The Prime Minister: It is an important principle we are introducing: if families spend up to £10,000, they should be able to get £2,000 back. This is a Government for working people that want to help people with the cost of childcare. Not only are we doing that—the Chancellor will set out the timing of the introduction in his Budget—but we are doubling to 30 hours the number of hours people will get if they have three and four-year-olds. The Government are determined to act for working people.
Let me ask the Prime Minister about another election promise. We know that childcare providers already have to increase their fees to parents who pay for additional hours above the 15 hours they get free.

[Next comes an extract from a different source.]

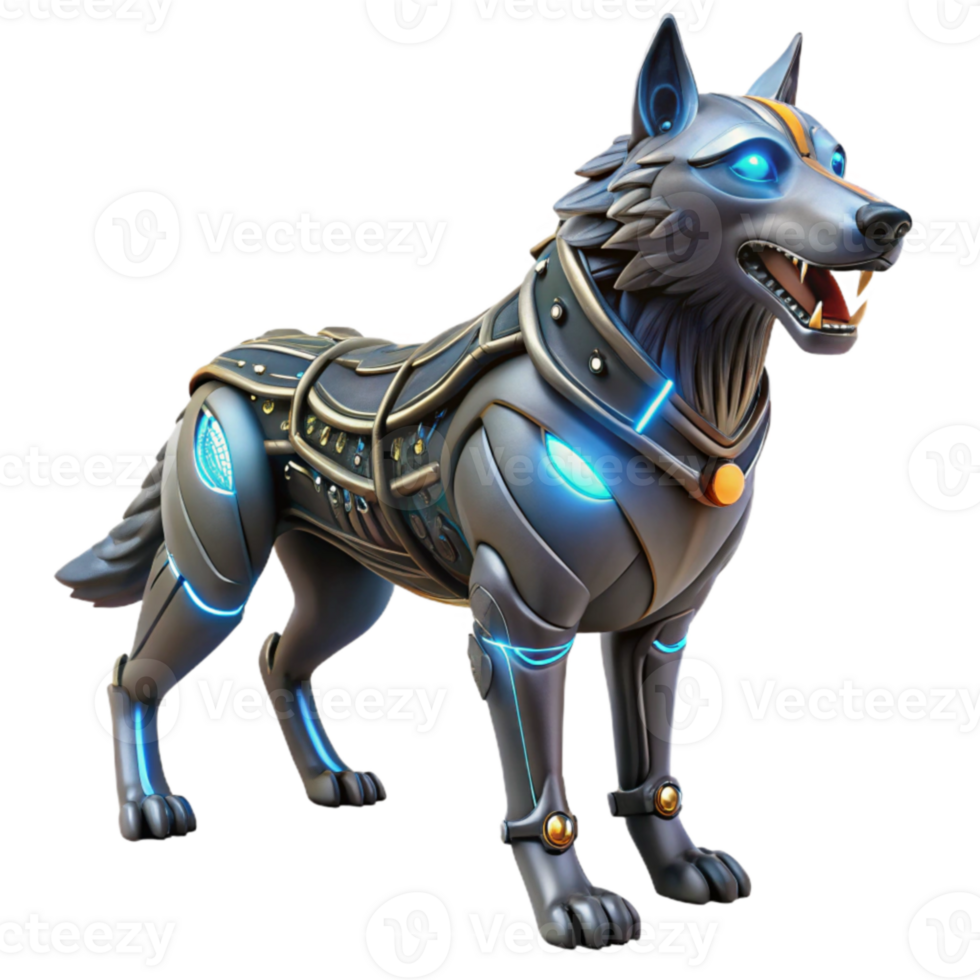 extraordinary classic Cybernetic Wolf 3D Render high resolution png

Given that the free entitlement is going up to 30 hours, how can he guarantee that families will genuinely benefit and will not just end up being hit by increased fees elsewhere?
The Prime Minister: First, we will have a review of the fees being paid by the Government to childcare providers, because I want this to be quality childcare. Secondly, there is the increase from 15 to 30 hours, which will be of real benefit to working families. Thirdly, we have this new tax relief coming in, so if someone spends up to £10,000, they will get £2,000 back. That means that families under this Government will have far greater choice and resources on childcare. The right hon. and learned Lady said the other day that a
“greater number of people…feel relieved that we are not in government.”
Ms Harman: He just cannot help but gloat, can he? He can go right ahead and gloat, but why can he not just answer the question about childcare? Perhaps we could have an answer rather than a gloating session to the next question.
I will try again. We know that grandparents often help out. Most parents say they just could not manage without the grandparents, but increasingly those grandparents are not retired but are themselves working. Will the Prime Minister agree to look at how we can help grandparents get flexibility at work by allowing them to share parental leave?
The Prime Minister: I am certainly happy to look at that because the right to request flexible working has been championed by this Government. I am sorry if the right hon. and learned Lady thinks I am gloating. It must be the first time someone has ever been accused of gloating while quoting the Leader of the Opposition. For instance, she said the other day:
“People tend to like a leader who they feel is economically competent”.